How do non-alcoholic spirits work in classic cocktail recipes?

Non-alcoholic spirits step into the role of the base spirit. They carry citrus, sugar, bitters, and dilution the same way their alcoholic counterparts do. Some recipes need small ratio adjustments, but the technique stays the same: build the drink, balance the elements, and let the base spirit define the profile.

Do zero-proof cocktails taste like the originals?

They taste like cocktails: recognizable, structured, and intentional. The goal isn't imitation; it's integrity. When the build is balanced and the spirit has presence, you get the character of the drink without relying on alcohol to do the work.

Can zero-proof cocktails have real complexity?

Yes. Complexity comes from design, not ethanol. A well-built zero-proof cocktail shows layers: aromatics, texture, finish. The craft sits in the composition, not the ABV. The right non-alcoholic spirit brings the structure; the ingredients do the rest.

What is the difference between zero-proof and low-proof cocktails?

Zero-proof cocktails contain no alcohol. Low-proof cocktails blend traditional spirits with non-alcoholic spirits to dial down the ABV while keeping the drink's identity intact.

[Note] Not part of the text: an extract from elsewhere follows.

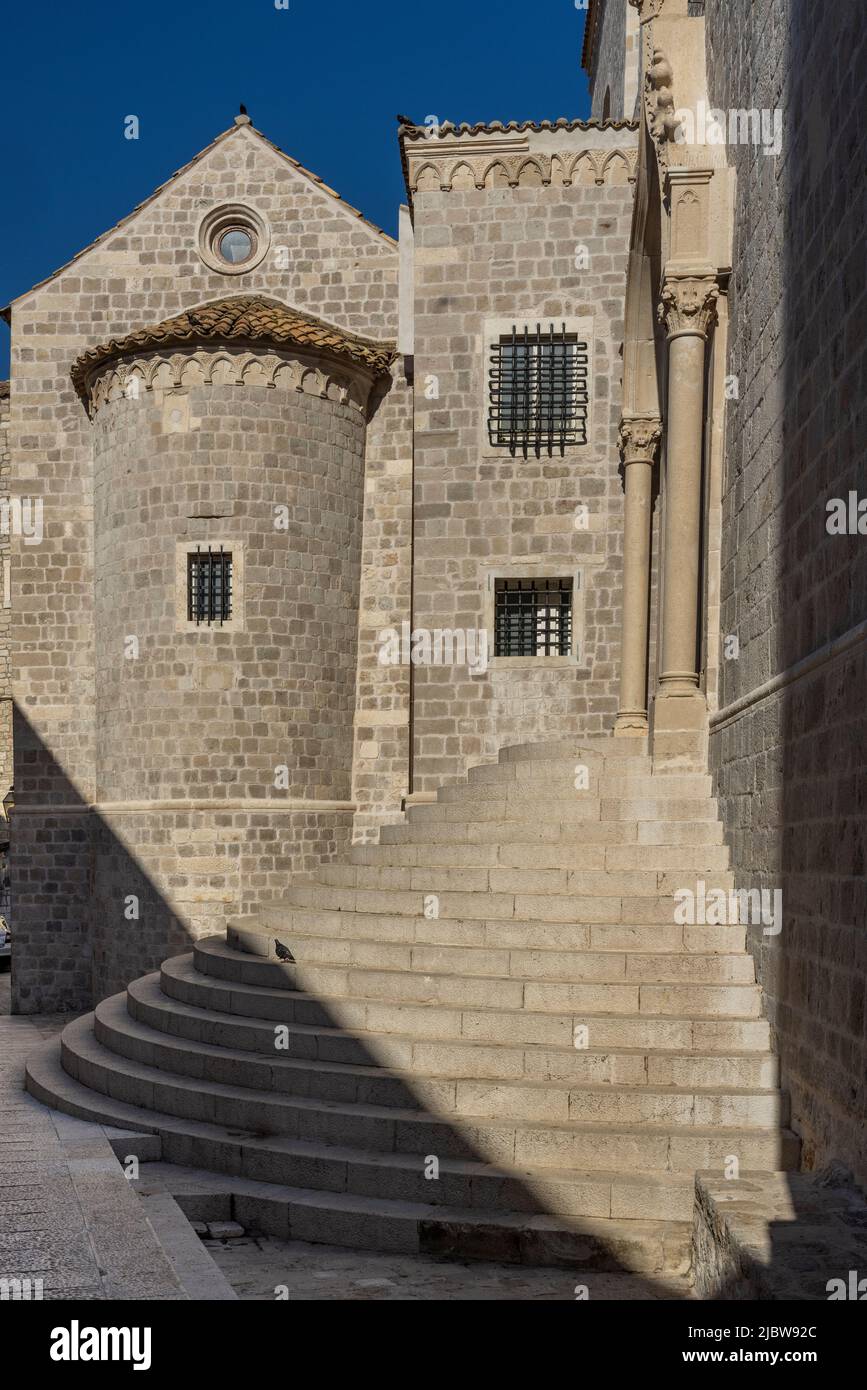 Circular Steps of Dominican Monastery, Dubrovnik, Croatia Stock Photo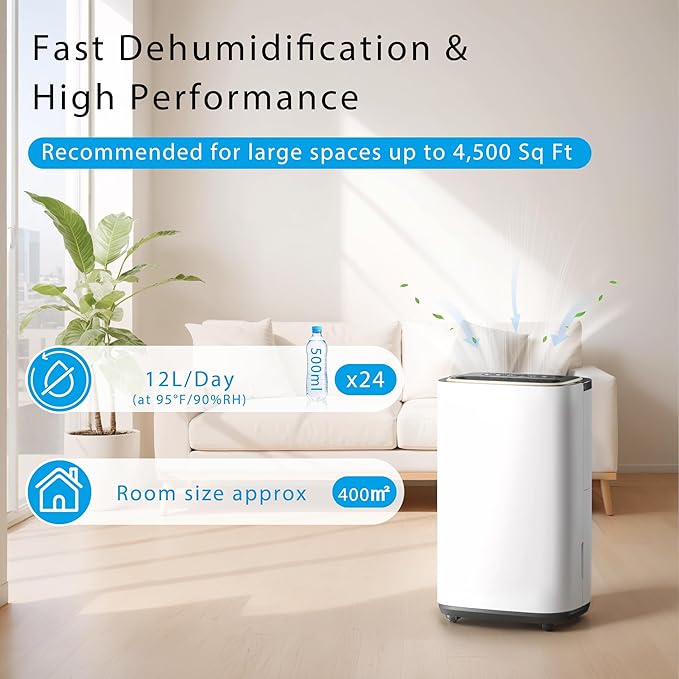 52 Pint Dehumidifier- 5000 Sq. Ft. Large Basement Dehumidifiers with Drain Hose for Large Rooms - Powerful Moisture Removal with Compressor- Dehu/Dry/Air Mode, LED Display,Timer, Child Lock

It's the easiest way to keep the ritual, cut the intensity, and stay in full control of the experience.

Why does Free Spirits work so well in both zero-proof and low-proof cocktails?

The Spirit of Bourbon is built with oak-forward depth and enough body to hold bitters and sweetness in balance. Whether you use it as the sole base or split it with traditional bourbon, it behaves like a true cocktail foundation, keeping the drink structured, complex, and true to form.